So over the weekend I speed read Sheryl Sandberg’s book Lean In.
I was motivated by the useful summary by the NY Times David Brooks: “Think about Sheryl Sandberg’s recent book, “Lean In.” Put aside the debate about the challenges facing women in society. Focus on the tasks she describes as being important for anybody who wants to rise in this economy: the ability to be assertive in a meeting; to disagree pleasantly; to know when to interrupt and when not to; to understand the flow of discussion and how to change people’s minds; to attract mentors; to understand situations; to discern what can change and what can’t”.
This reminded me about something that is increasingly important in my life – going to meetings. In fact my colleagues give me a hard time because I’m a bit of a meeting junkie but this is only because they spend 4-5 hours a week in meetings as opposed to my 20.
If as a doctor you work in a hospital and you are engaged with the running of the place you will need to spend a lot of time in meetings. These range from meetings of 2-3 people to 20 or more. The reasons for the meetings will be diverse and they encompass education, environmental scanning (FYI meetings), working meetings (i.e. you are making decisions) and advisory meetings (where you are helping others make decisions).
There is a lot written about how to run effective meetings so I won’t re-iterate all of these writings. I will say however that you need to know what the purpose of the meeting is and at the end of any meeting there needs to be an outcome…a decision or an action arising. Bad meetings are staccato and without resolution whereas good meetings have ‘flow’ and resolutions.
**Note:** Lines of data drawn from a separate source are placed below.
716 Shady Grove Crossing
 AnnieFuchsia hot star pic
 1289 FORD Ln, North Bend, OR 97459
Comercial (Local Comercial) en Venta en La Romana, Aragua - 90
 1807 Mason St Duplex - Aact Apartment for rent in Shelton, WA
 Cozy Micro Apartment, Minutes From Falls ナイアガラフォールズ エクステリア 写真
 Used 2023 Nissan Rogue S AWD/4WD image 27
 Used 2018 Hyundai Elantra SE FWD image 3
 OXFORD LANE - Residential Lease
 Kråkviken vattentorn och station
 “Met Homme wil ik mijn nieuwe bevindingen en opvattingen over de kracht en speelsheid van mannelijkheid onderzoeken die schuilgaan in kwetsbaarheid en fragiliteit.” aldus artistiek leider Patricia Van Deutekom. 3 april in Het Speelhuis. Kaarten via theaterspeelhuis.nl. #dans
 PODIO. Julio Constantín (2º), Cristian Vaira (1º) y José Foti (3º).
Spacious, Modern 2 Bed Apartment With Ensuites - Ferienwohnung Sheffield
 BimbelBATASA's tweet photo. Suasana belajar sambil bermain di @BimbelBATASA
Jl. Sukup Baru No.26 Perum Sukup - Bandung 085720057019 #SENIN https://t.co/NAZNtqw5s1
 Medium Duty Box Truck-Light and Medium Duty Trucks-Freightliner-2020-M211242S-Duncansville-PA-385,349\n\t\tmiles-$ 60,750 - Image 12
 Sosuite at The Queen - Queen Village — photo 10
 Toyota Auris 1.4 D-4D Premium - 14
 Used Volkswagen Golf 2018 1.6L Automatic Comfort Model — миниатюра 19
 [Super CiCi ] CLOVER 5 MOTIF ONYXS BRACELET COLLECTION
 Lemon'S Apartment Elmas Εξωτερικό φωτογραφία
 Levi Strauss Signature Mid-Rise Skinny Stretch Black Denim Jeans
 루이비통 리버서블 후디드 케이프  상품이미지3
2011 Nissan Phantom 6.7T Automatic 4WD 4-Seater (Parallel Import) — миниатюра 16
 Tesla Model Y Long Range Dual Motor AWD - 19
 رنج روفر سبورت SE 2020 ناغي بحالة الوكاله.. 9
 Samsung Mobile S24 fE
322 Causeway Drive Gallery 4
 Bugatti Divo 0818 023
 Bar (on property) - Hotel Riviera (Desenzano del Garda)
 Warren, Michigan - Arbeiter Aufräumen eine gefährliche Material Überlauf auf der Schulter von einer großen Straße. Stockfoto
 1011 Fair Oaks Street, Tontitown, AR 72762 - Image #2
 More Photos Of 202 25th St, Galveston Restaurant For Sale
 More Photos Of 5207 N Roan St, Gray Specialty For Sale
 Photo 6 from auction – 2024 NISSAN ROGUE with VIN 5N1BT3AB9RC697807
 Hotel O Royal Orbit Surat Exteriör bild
Meetings work when everybody who wants a say gets a say, diversity of opinion is expressed and the outcomes are determined by consensus (this doesn’t actually mean everybody likes the outcome but everybody agrees).
Overall David Brooks’ summary offers a nice approach to meetings.
One final thing you do need to know about meetings is when to say no….my rule is that unless it is exceptional there is no role for ‘routine’ meetings that happen only twice a year….almost by definition these don’t achieve anything.
There is a whole additional art to chairing a meeting – one which I’m just coming to grips with – and which will form another post.